### Description of the task:
Because the images are not wanted, restate every line below word for word without them.

:: Dataset extract ::

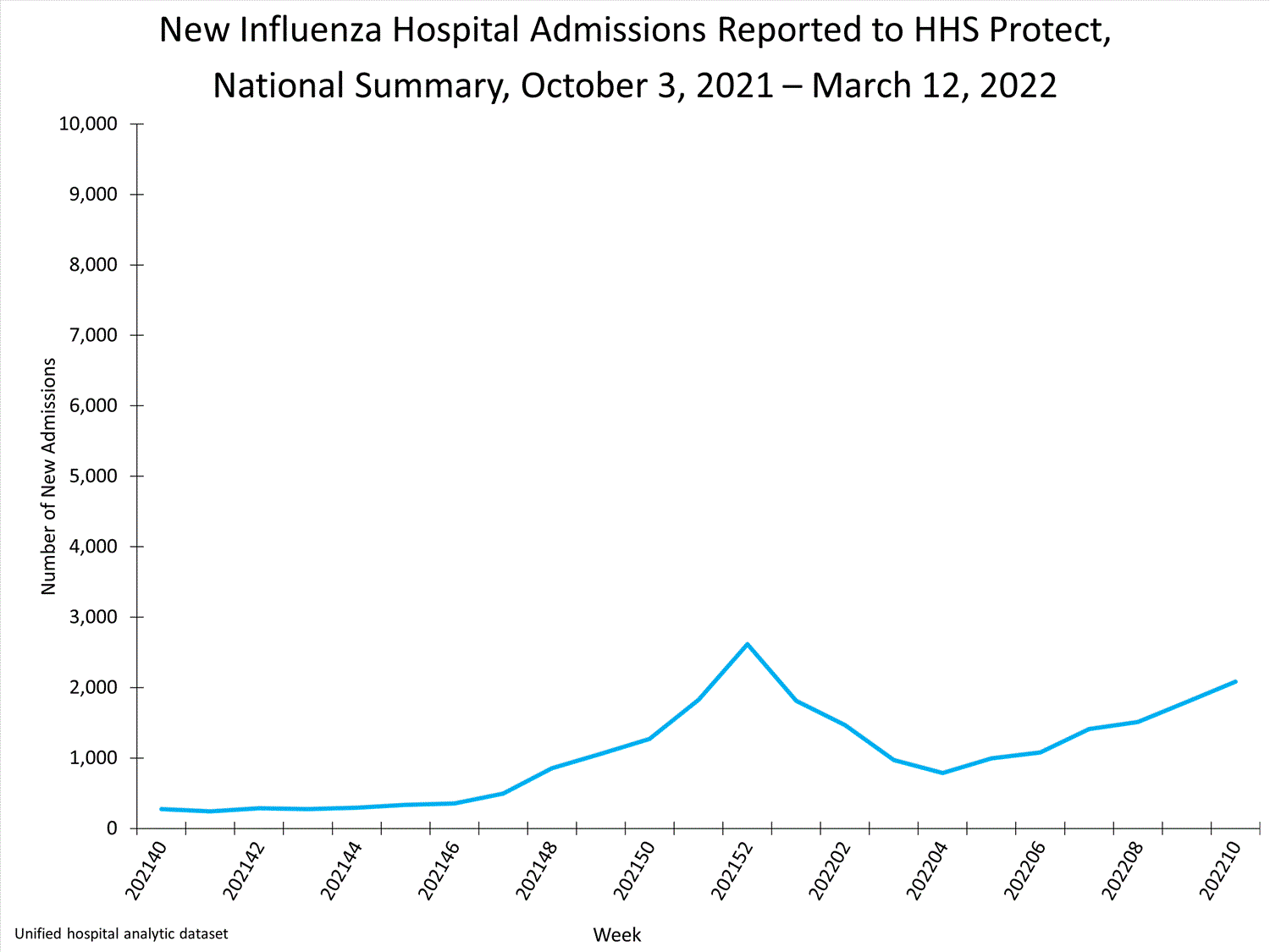 national levels of influenza hospitalizations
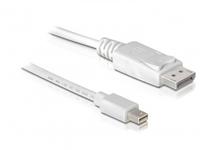 Delock Cable Mini Displayport 1.2 male > Displayport male 4K 2.0 m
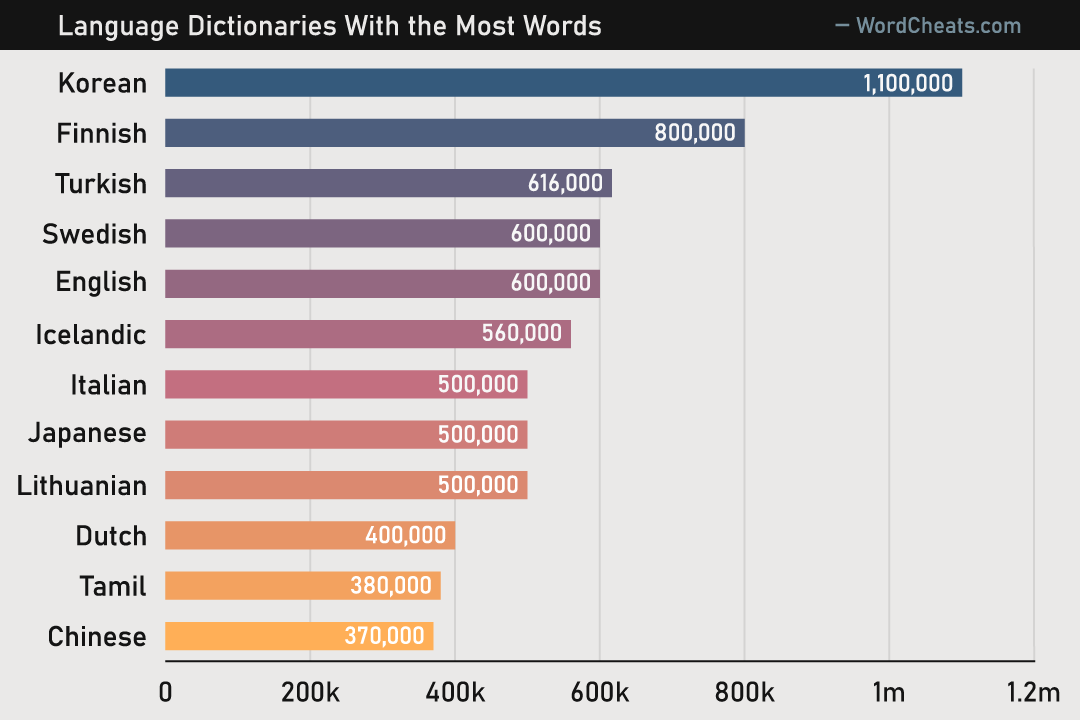 Which English dictionary has the most words?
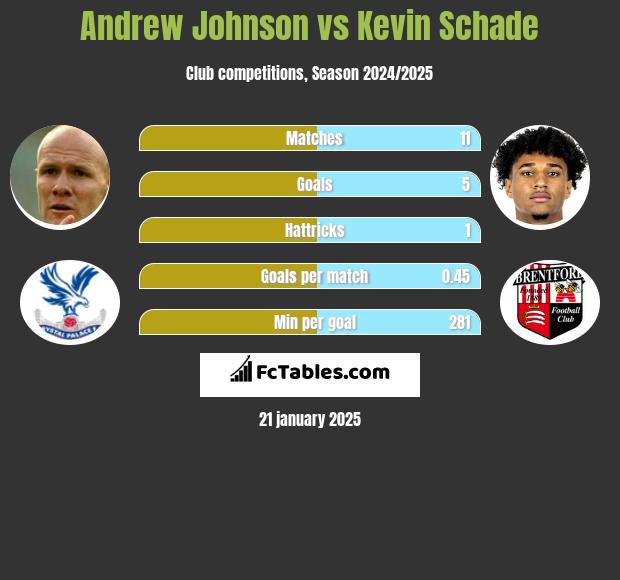 Andrew Johnson vs Kevin Schade h2h player stats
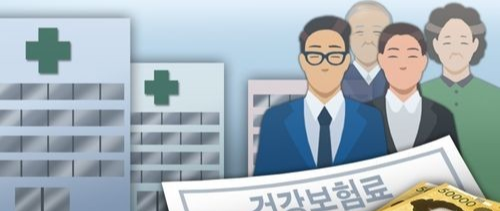 직장, 지역 가입자 건강보험료 계산법 알아보기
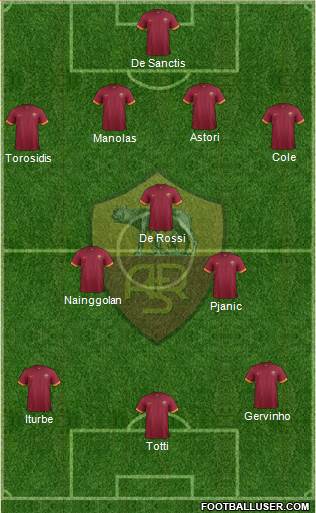 AS Roma Formation 2014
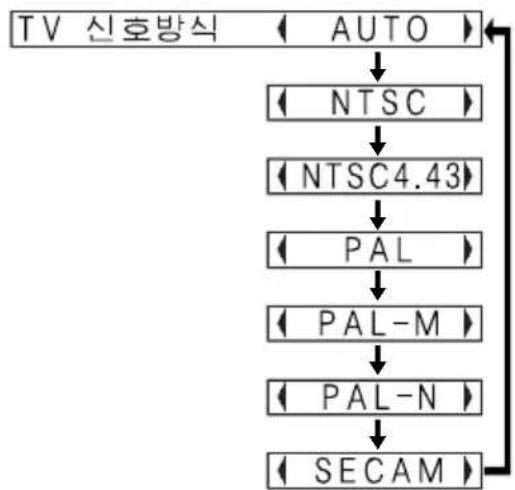 PANASONIC PT-LB30EA - TV 신호방식 - 1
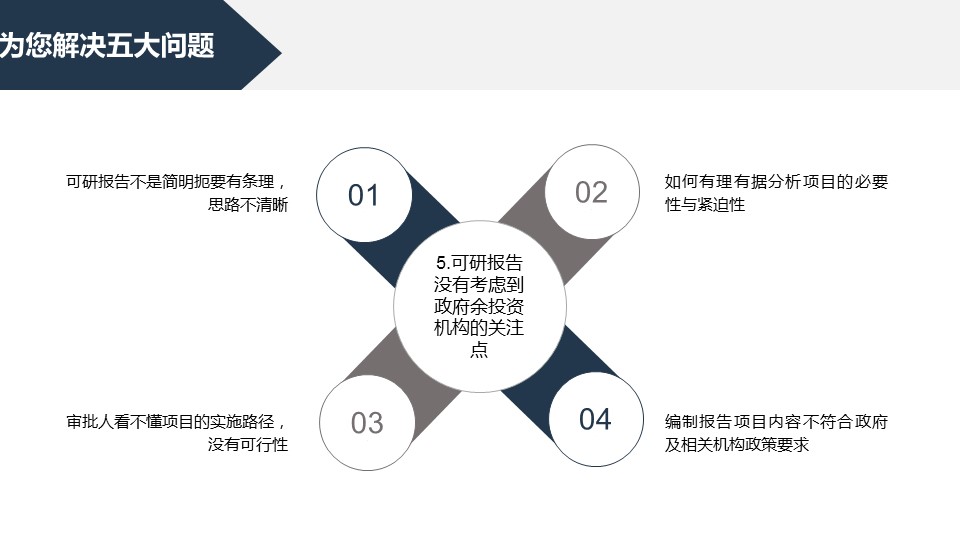 风景区可研报告-可行性报告-怎么写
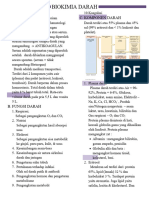 Catatan Biokimia Darah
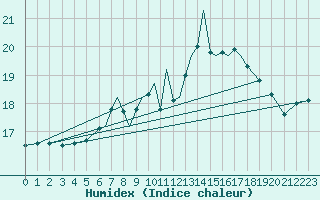 Courbe de l'humidex pour Scilly - Saint Mary's (UK)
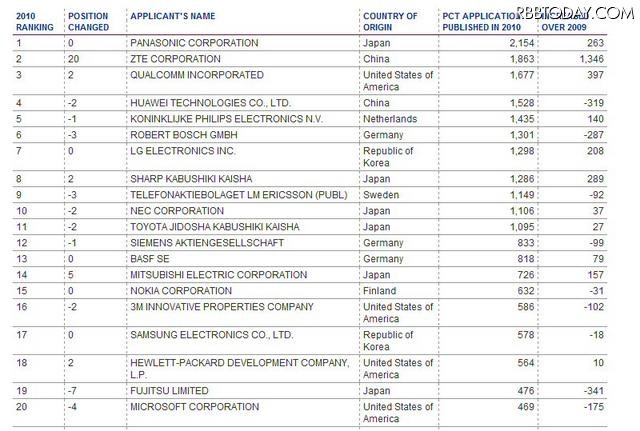 国際特許出願件数（企業別）ランク 国際特許出願件数（企業別）ランク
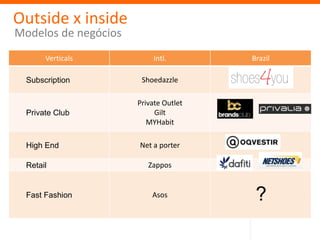 Outside x inside
Modelos de negócios
       Verticals           Intl.       Brazil

  Subscription         Shoedazzle

                      Private Outlet
  Private Club             Gilt
                         MYHabit

  High End            Net a porter

  Retail                 Zappos


  Fast Fashion            Asos          ?
 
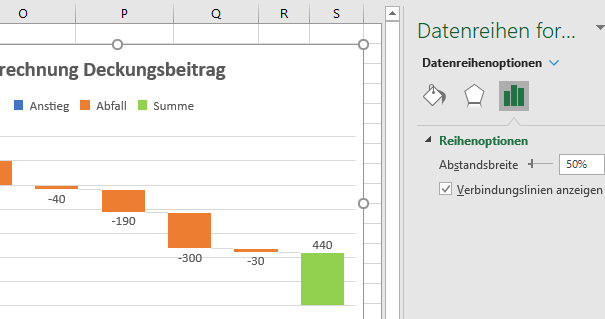 Screenshot Excel Wasserfalldiagramm Datenreihenoptionen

:::

### Your solution:
 national levels of influenza hospitalizations
 Delock Cable Mini Displayport 1.2 male > Displayport male 4K 2.0 m
 Which English dictionary has the most words?
 Andrew Johnson vs Kevin Schade h2h player stats
 직장, 지역 가입자 건강보험료 계산법 알아보기
 AS Roma Formation 2014
 PANASONIC PT-LB30EA - TV 신호방식 - 1
 风景区可研报告-可行性报告-怎么写
 Catatan Biokimia Darah
 Courbe de l'humidex pour Scilly - Saint Mary's (UK)
 国際特許出願件数（企業別）ランク 国際特許出願件数（企業別）ランク
 Outside x inside
Modelos de negócios
       Verticals           Intl.       Brazil

  Subscription         Shoedazzle

                      Private Outlet
  Private Club             Gilt
                         MYHabit

  High End            Net a porter

  Retail                 Zappos


  Fast Fashion            Asos          ?
 
 Screenshot Excel Wasserfalldiagramm Datenreihenoptionen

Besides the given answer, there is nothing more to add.